The logarithmic increase in mechanical and endocrine as well as medicational therapies is a great credit to the resourcefulness of the present generation of investigators. I wonder, though, if the lesson of previous mistakes has been taken to heart. It is obvious that mortality has gone down but why the scarcity of randomized trials? Few of the new ideas have been subjected at their inception to this rapid and safe way to get an answer. The first case has not been randomized. Why not? Is it the oppressive weight of peer groups and misguided ethicists which has led present day investigators to try new devices and new medications on an individual basis thus avoiding law suits and administrative encumbrance? The education of ourselves and of the public on the reason for proper studies has lagged. How else can one explain the astonishing legal attack upon the manufacturer of one brand of incubators for not telling doctors what concentration of oxygen to use? This suit on the West Coast still smoulders in the incredibly bad system of justice in this country.

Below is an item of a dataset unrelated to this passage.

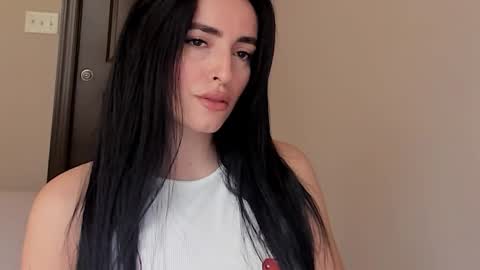 Snapshot of sheisallthat chatting on 11.18.25 sheisallthat online show from 11.18.25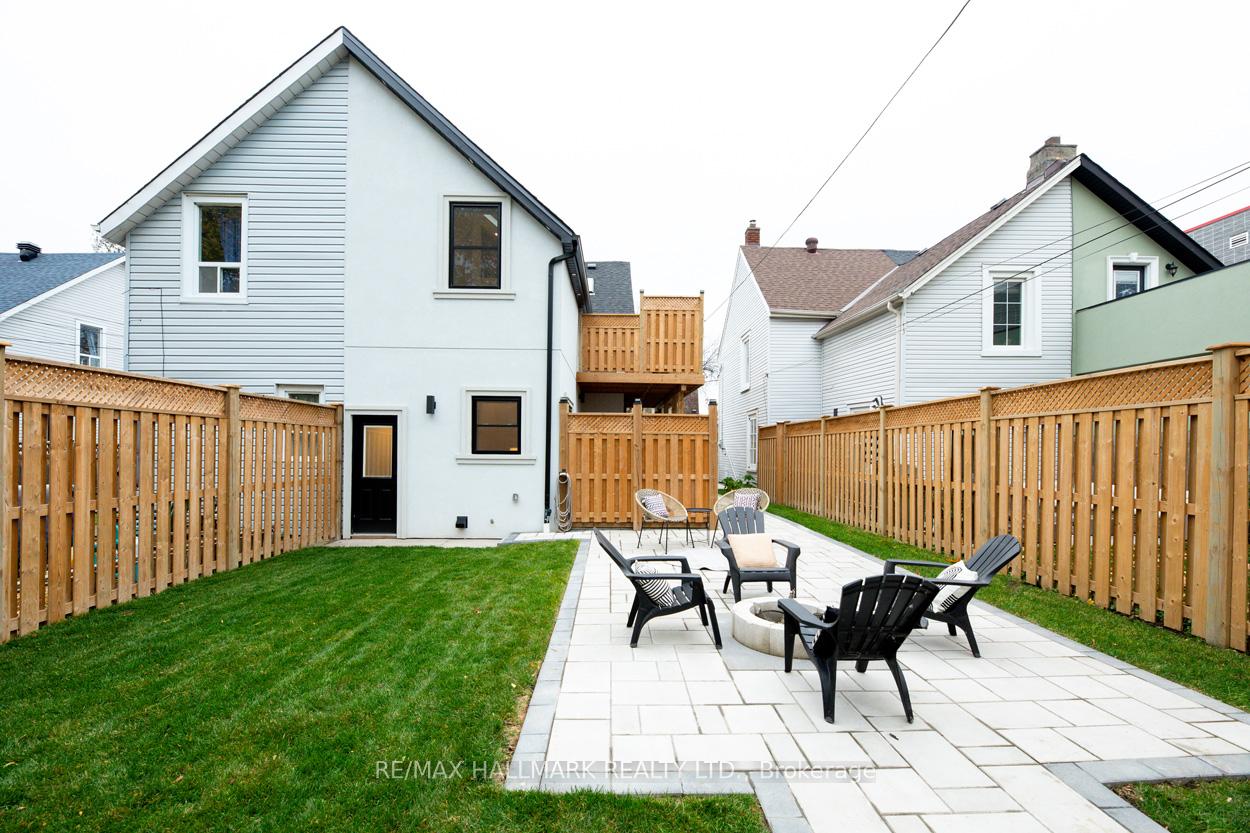 Photo 9 of Unit 2nd Floor, 6 Luttrell Avenue, Toronto, East End-Danforth — HOMEH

Something must be done. The medical profession, through its leaders, should meet with the American Bar Association and hammer out a code. Lawyers and doctors who do not follow that code should be suitably chastized. The public should be educated in all of this. New laws cannot solve the problem; a new spirit is needed.

REFERENCES

1. Silverman W. A.: Retrolental fibroplasia: a modern parable. New York: Grune & Stratton, 1980.

2. Zacharias L.: Retrolental fibroplasia: a survey. Am. J. Ophthalmol. 35:1426, 1952.

3. Chalmers T. C.: Randomization of the first patient. Med. Clin. North Am. 59:1035, 1975.

4. Ashton N., Ward B., Serpell G.: The role of oxygen in genesis of retrolental fibroplasia: preliminary report. Br. J. Ophthalmol. 37:513, 1953.

5, Patz A.: The role of oxygen in retrolental fibroplasia. E. Mead Johnson Award Address. Pediatrics 19:504, 1957.

6. James L. S., Lanman J. T.: History of oxygen therapy and retrolental fibroplasia. Supplement. Pediatrics 57:591, 1976.